What the exercise asks:
Starting at the first line of the material below and stopping after the line that includes "High Hopes || Open MAP part 4", write the lines out again exactly. Drop any pictures.

⟨

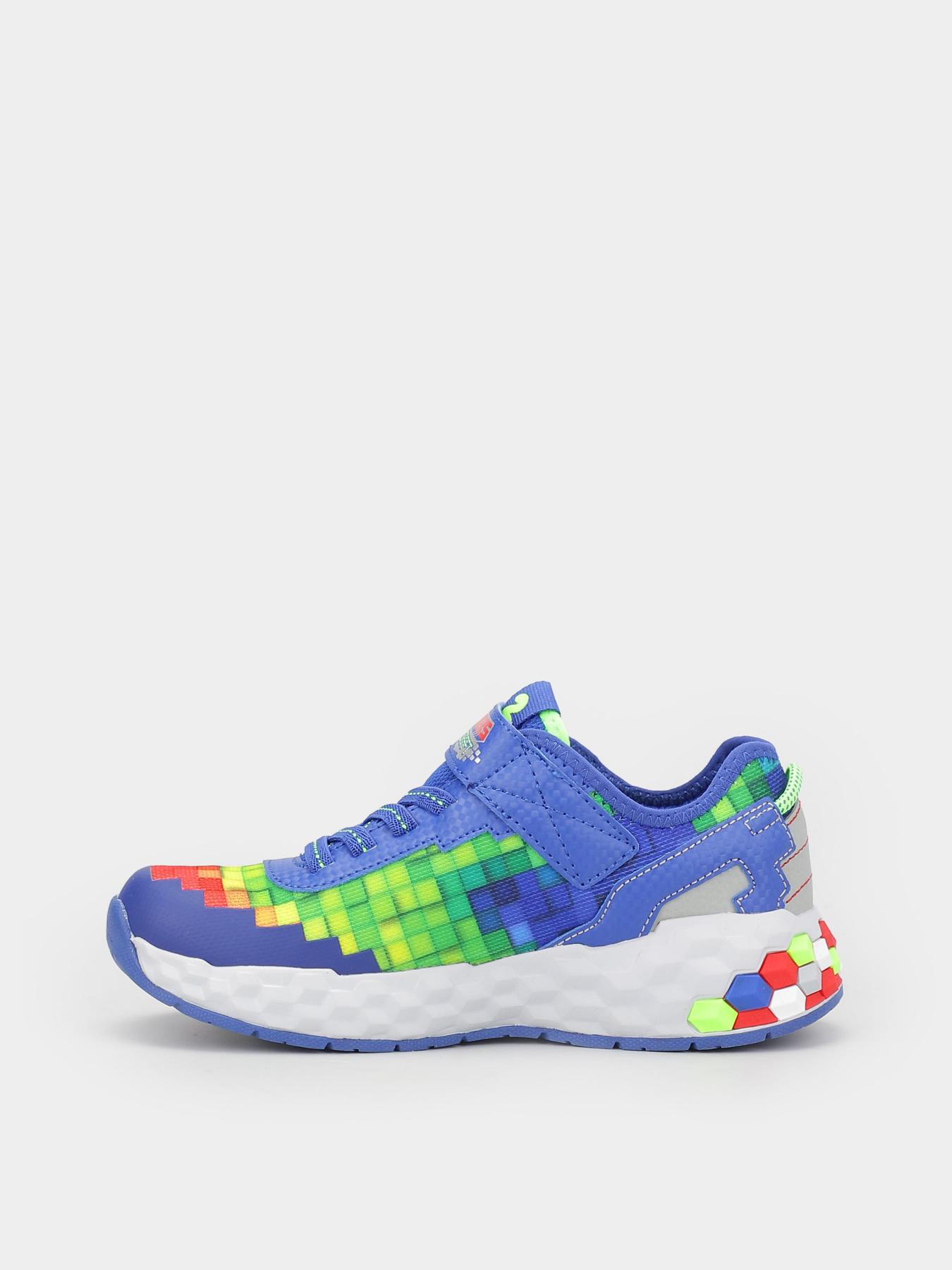 Кросівки Skechers Mega-Craft 2.0 модель 402204L BLMT Кросівки Skechers Mega-Craft 2.0 модель 402204L BLMT Фото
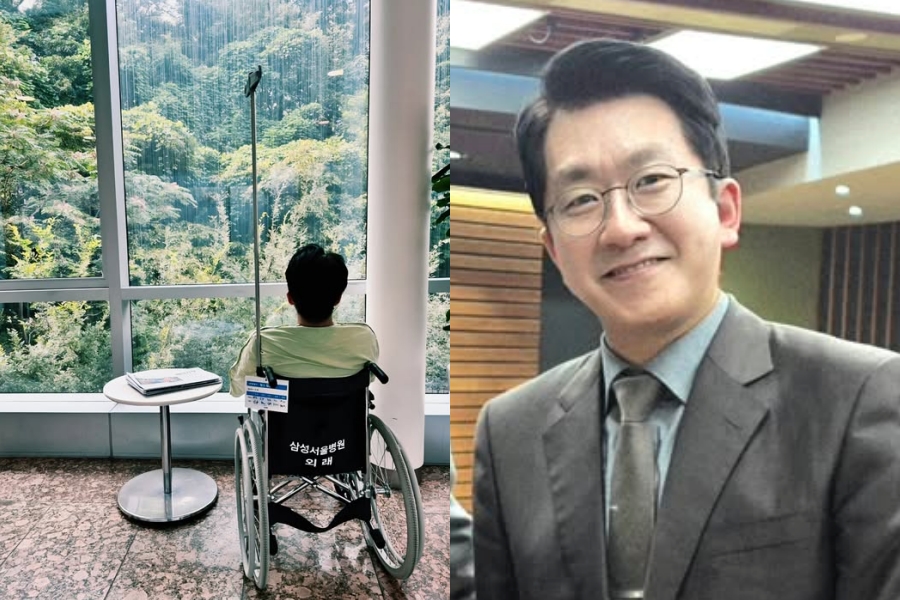 사진: 박재홍 페이스북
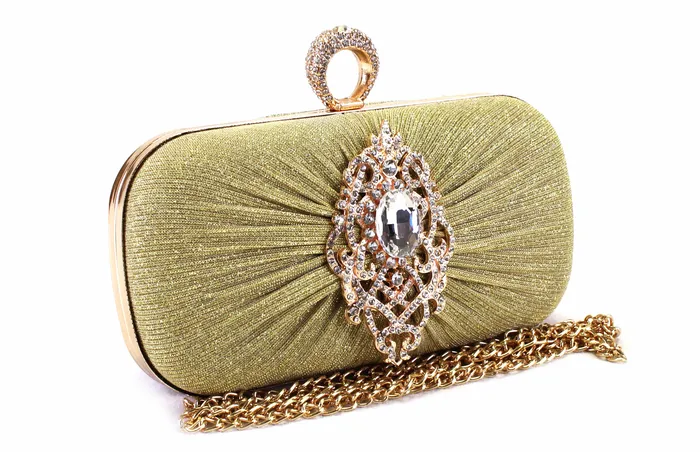 Walkeaze Earrings Women Stylish Party Bag 14458B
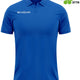 Поло тениска Givova Polo Cotone Piquet Summer Blue 2xl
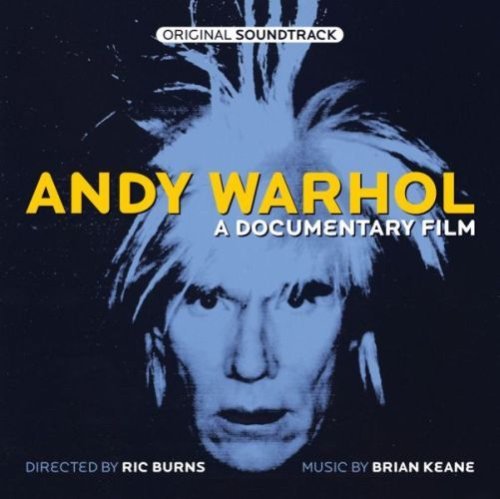 Andy Warhol-A Documentary - Brian & Omar Faruk Tekbilek Keane - Muziek - MPM - 0618321521328 - 24 oktober 2006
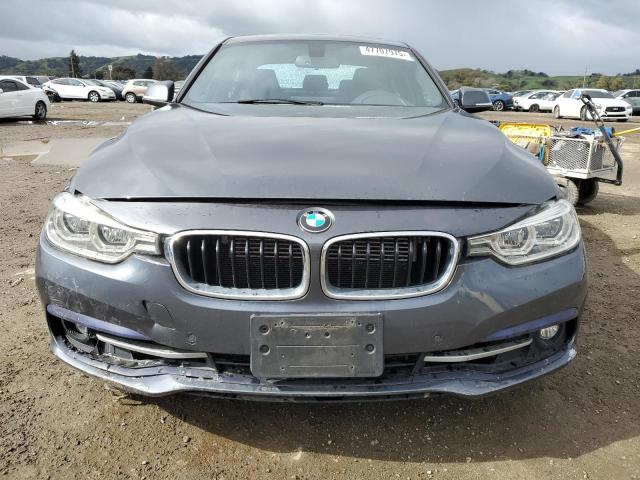 2017 BMW 330E - WBA8E1C55HK480194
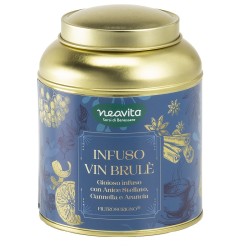 Neavita Infuso Vin Brulè con anice cannella arancia 12 filtroscrigno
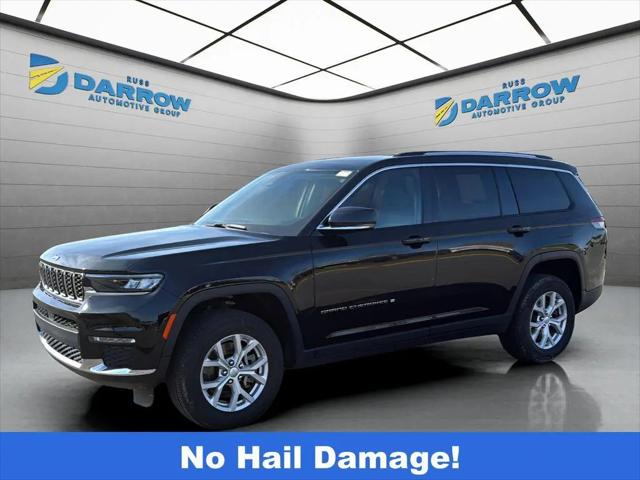 2023 Jeep Grand Cherokee L Limited 4x4 for sale in Madison, WI
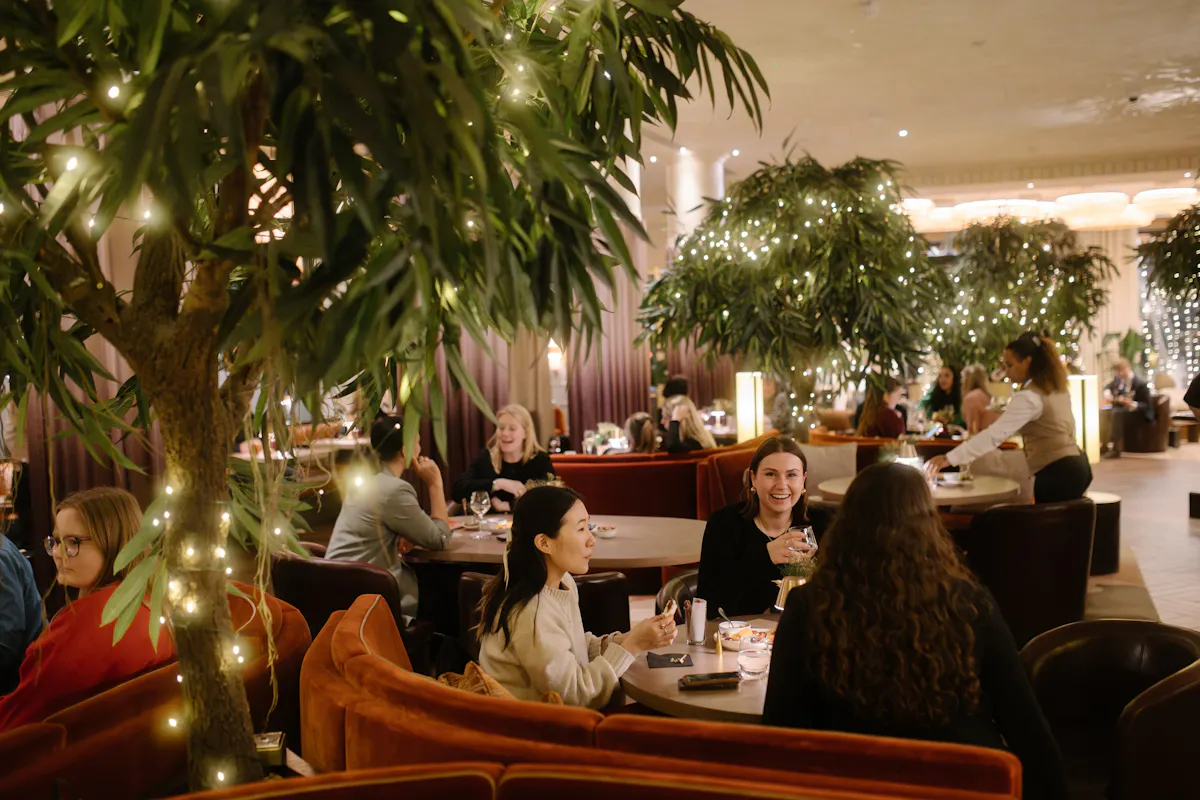 Rockwell Bistro & Wine Bar 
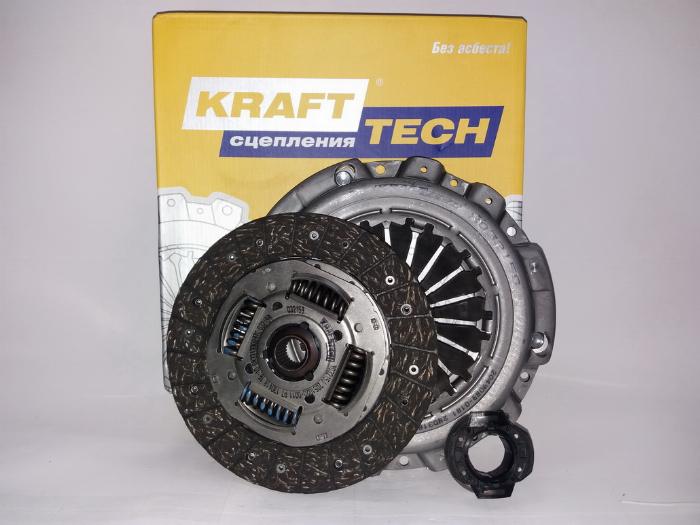 KRAFTTECH W12215G - Kit d'embrayage cwaw.fr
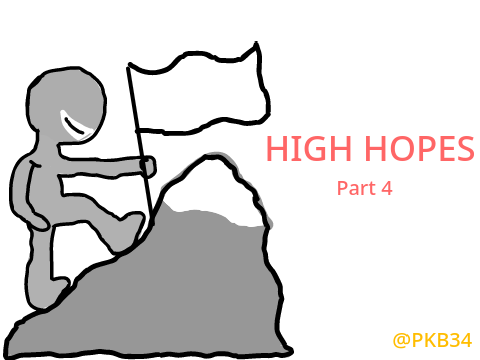 High Hopes || Open MAP part 4
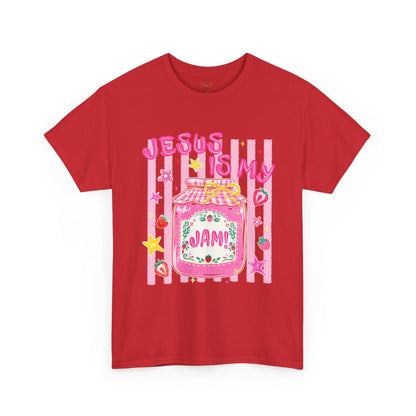"Jesus Is My Jam"  T‑Shirt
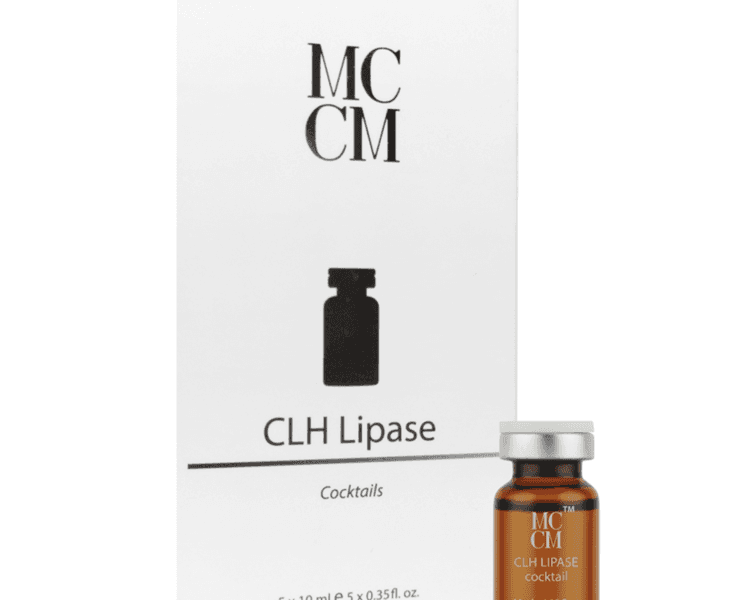 Enzima CLH Lipase Avanzada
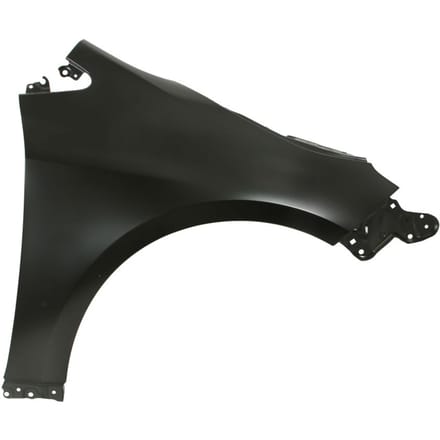 Spatbord, vóór BLIC 6504-04-8140312P, rechts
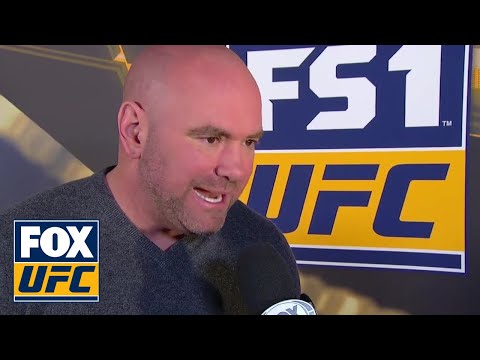 Dana White Says Al Iaquinta Can Become Lightweight Champion At UFC 223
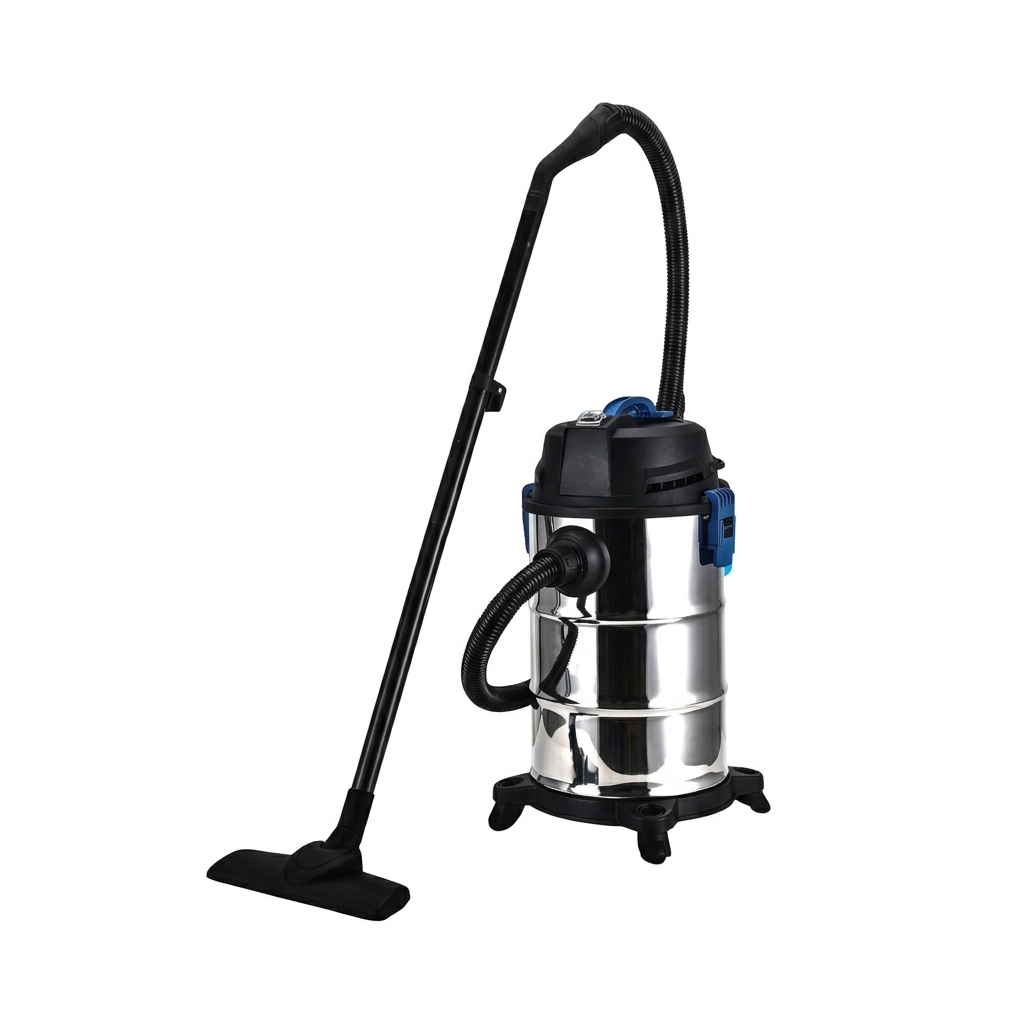 مكنسة كهربائية رطبة وجافة من بلوبريز BB4297-2000-30L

⟩

Exercise solution:
 Кросівки Skechers Mega-Craft 2.0 модель 402204L BLMT Кросівки Skechers Mega-Craft 2.0 модель 402204L BLMT Фото
 사진: 박재홍 페이스북
 Walkeaze Earrings Women Stylish Party Bag 14458B
 Поло тениска Givova Polo Cotone Piquet Summer Blue 2xl
 Andy Warhol-A Documentary - Brian & Omar Faruk Tekbilek Keane - Muziek - MPM - 0618321521328 - 24 oktober 2006
 2017 BMW 330E - WBA8E1C55HK480194
 Neavita Infuso Vin Brulè con anice cannella arancia 12 filtroscrigno
 2023 Jeep Grand Cherokee L Limited 4x4 for sale in Madison, WI
 Rockwell Bistro & Wine Bar 
 KRAFTTECH W12215G - Kit d'embrayage cwaw.fr
 High Hopes || Open MAP part 4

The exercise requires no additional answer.